How to explain huge bias on unseen data?

Question

I've trained a CNN to do a binary classification based on 2D radar spectra. I've tried different dataset sizes (reaching 200.000 samples per class) and always make sure that the classes are represented equally. The architecture uses all kinds of regularisation techniques ranging from dropout to weight decay. I've tried different kinds of very basic architectures and have now reached the point where I'm only using a single convolutional layer followed by a single fcc layer as not to increase the model complexity any more than necessary. However, while during training the accuracy converges for the training and validation set to a value above 90%, testing the trained architecture on unseen data always has the same result: it basically classifies almost all unseen data as 1, almost never as 0.

I'm not sure what could cause this. Looking at the spectra my feeling is that they look random, irrespective of the class. However, since the training is converging so well, there must be some useful information in the data, no?

Anyone have a hunch what might cause this huge bias on unseen data?
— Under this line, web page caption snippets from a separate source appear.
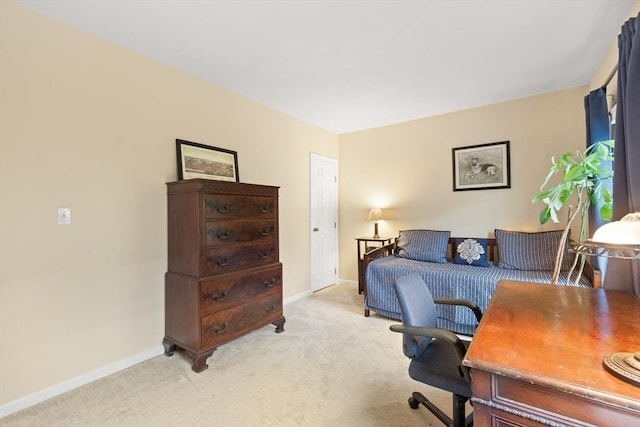 bedroom with light carpet, baseboards, and a desk
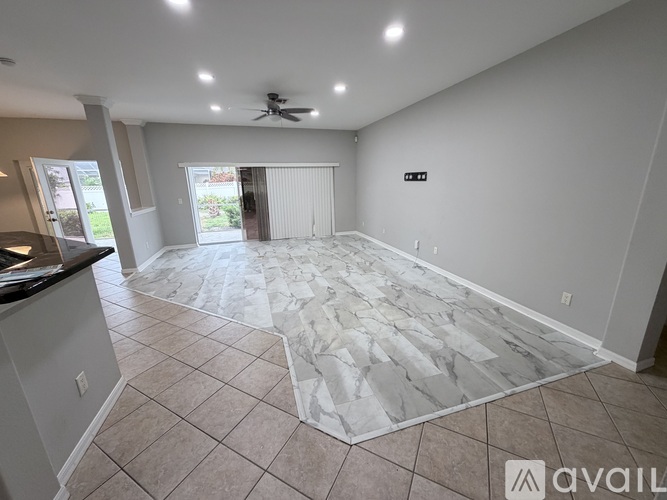 A spacious room with a marble floor and a ceiling fan.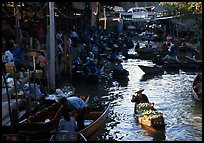 Woman paddling, floating market. Damnoen Saduak, Thailand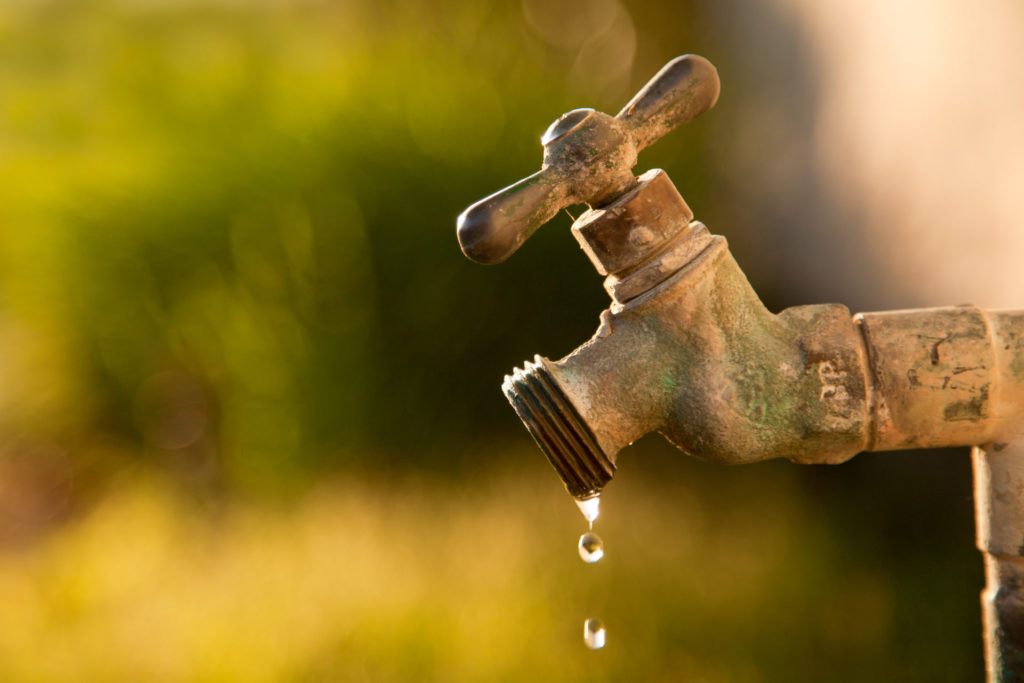 Exterior old water faucet dripping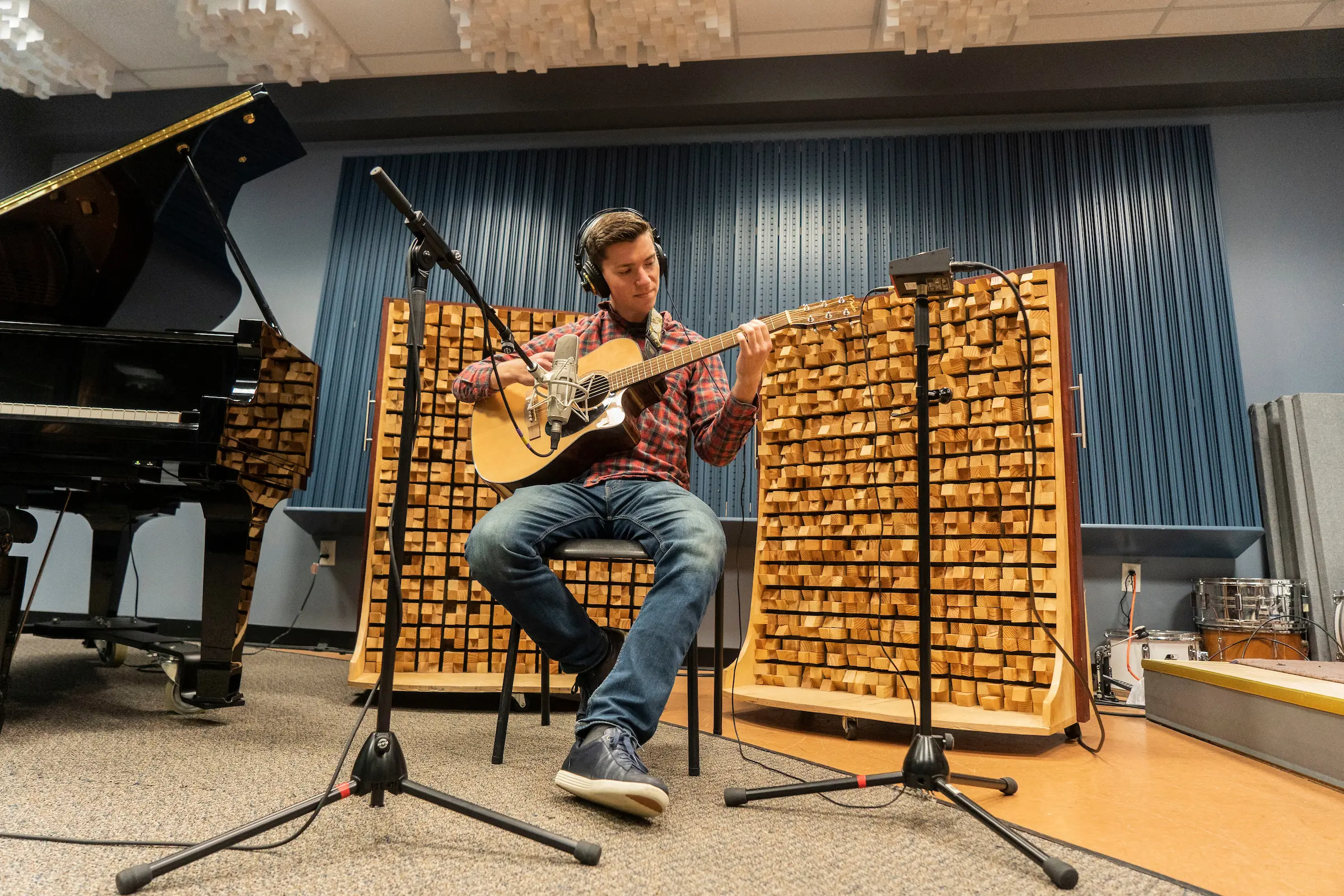 A student using analog recording equipment in Studio A at LVC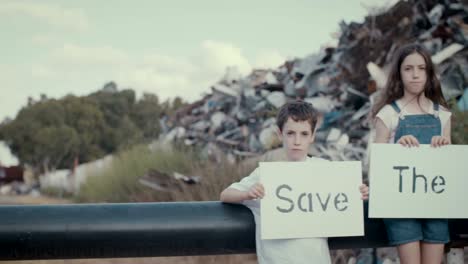 Save-the-planet.-young-kids-holding-signs-standing-in-a-large-junkyard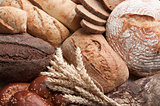 Different types of bread with ears of wheat.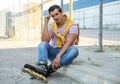 Handsome young man with inline roller skates sitting on curb Royalty Free Stock Photo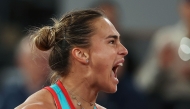 Belarus' Aryna Sabalenka reacts to a point against Poland's Iga Swiatek during their women's singles semi-final match on day 12 of the French Open tennis tournament on Court Philippe-Chatrier at the Roland-Garros Complex in Paris on June 5, 2025. (Photo by Alain JOCARD / AFP)
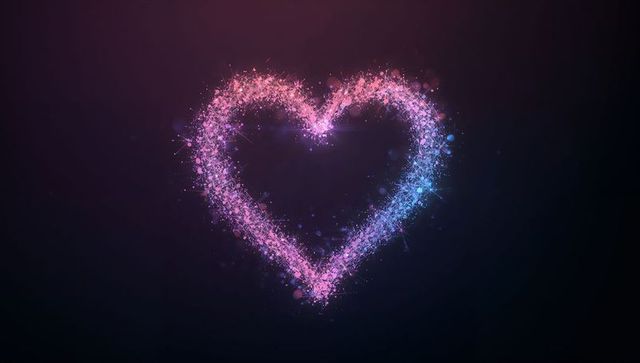 Glowing heart composed of pink and blue sparkling particles floating on dark gradient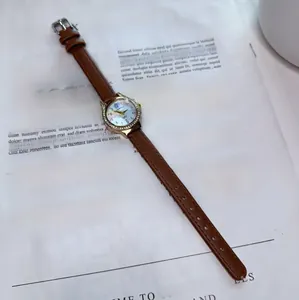 Detail view of quartz watch with brown leather strap and crystal bezel on magazine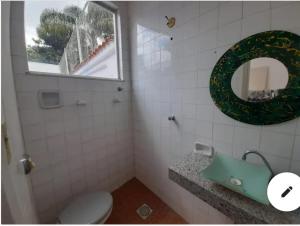 a bathroom with a toilet and a mirror and a window at Casaclassea in Juiz de Fora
Are you using accuracy, sensitivity, specificity, F1 or similar measures to train your dataset? These will be optimized by biased predictions, especially (but not only) for unbalanced data. See [Why is accuracy not the best measure for assessing classification models?](https://stats.stackexchange.com/q/312780/1352) Incidentally, [Are unbalanced datasets problematic, and (how) does oversampling (purport to) help?](https://stats.stackexchange.com/q/357466/1352) — Stephan Kolassa, Jul 14 '21 at 08:23
@StephanKolassa I minimize the CrossEntropyLoss during training and then compute accuracy after training is done. — user132792, Jul 14 '21 at 11:42
OK, next question: how does your network go from probabilistic outputs to classifications? I assume it compares them to a threshold. That makes no sense unless you also consider the costs of misclassifications ([Reduce Classification Probability Threshold](https://stats.stackexchange.com/q/312119/1352)). Work directly with probabilistic outputs instead, and assess these using [proper scoring rules](https://stats.stackexchange.com/tags/scoring-rules/info). — Stephan Kolassa, Jul 14 '21 at 11:46
In my mind, if you do a random train-val-test split. And your Train and Val Accuracy converge at a reasonable high value, then chances are that there must be some error in your code (for example when evaluating the testset) rather than huge bias. Not saying there is no way in the world this could not be the case, but in case of a random split val and test set should be similar. And both sets are not seen by the network (meaning you do not backpropagate the loss of the validation set). — Janosch, Jul 14 '21 at 13:01

How to explain huge bias on unseen data?

0 Answers0